===== EXTRACTED INFORMATION

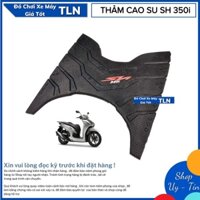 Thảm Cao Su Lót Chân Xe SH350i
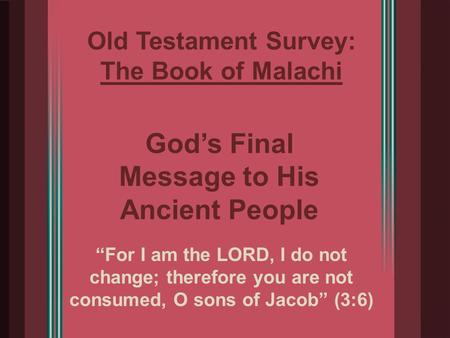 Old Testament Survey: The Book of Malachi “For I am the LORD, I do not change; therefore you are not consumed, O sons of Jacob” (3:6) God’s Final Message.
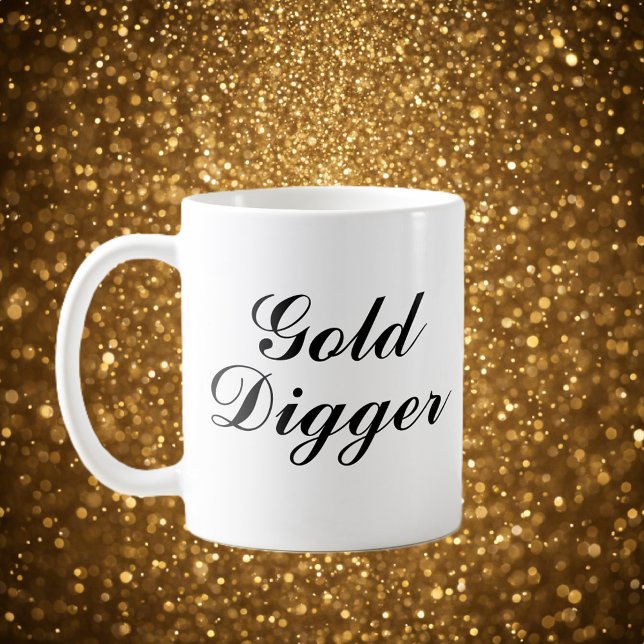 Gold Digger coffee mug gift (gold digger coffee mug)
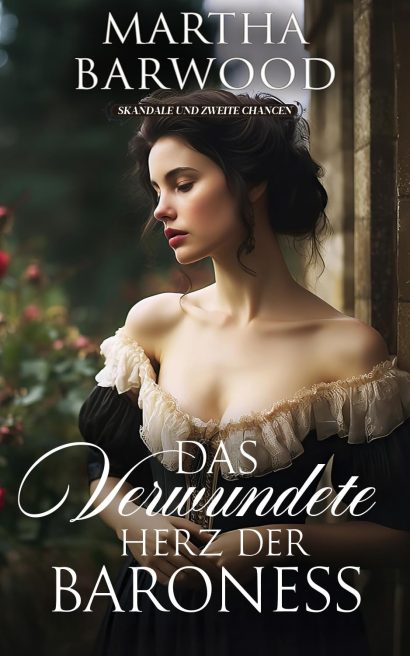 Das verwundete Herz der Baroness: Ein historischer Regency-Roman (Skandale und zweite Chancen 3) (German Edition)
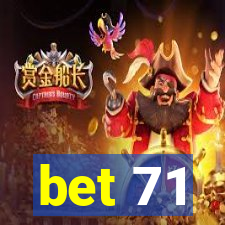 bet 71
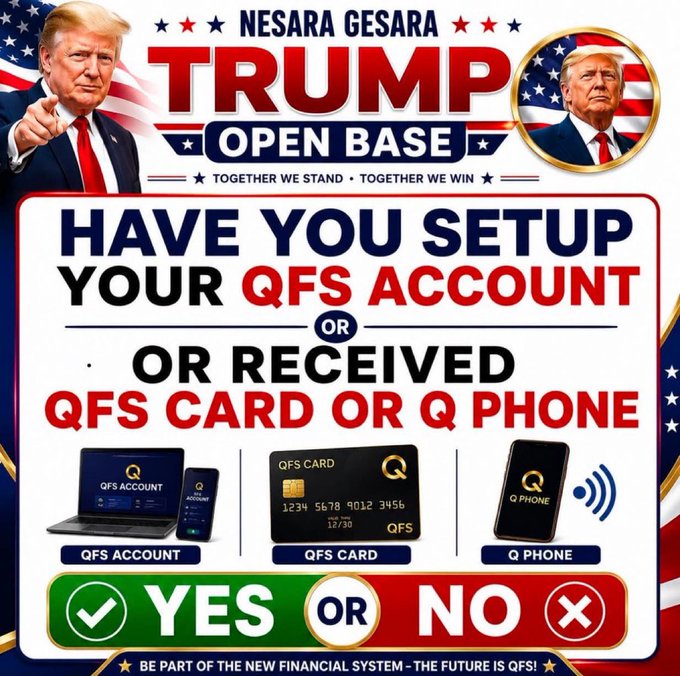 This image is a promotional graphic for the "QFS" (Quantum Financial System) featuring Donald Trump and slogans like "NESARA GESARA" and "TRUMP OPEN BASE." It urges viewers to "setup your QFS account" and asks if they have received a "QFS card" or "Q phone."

==========

## WHAT NEEDS TO BE DONE
Could you restate the entries word for word, skipping any pictures?

## SOLUTION
 Thảm Cao Su Lót Chân Xe SH350i
 Old Testament Survey: The Book of Malachi “For I am the LORD, I do not change; therefore you are not consumed, O sons of Jacob” (3:6) God’s Final Message.
 Gold Digger coffee mug gift (gold digger coffee mug)
 Das verwundete Herz der Baroness: Ein historischer Regency-Roman (Skandale und zweite Chancen 3) (German Edition)
 bet 71
 This image is a promotional graphic for the "QFS" (Quantum Financial System) featuring Donald Trump and slogans like "NESARA GESARA" and "TRUMP OPEN BASE." It urges viewers to "setup your QFS account" and asks if they have received a "QFS card" or "Q phone."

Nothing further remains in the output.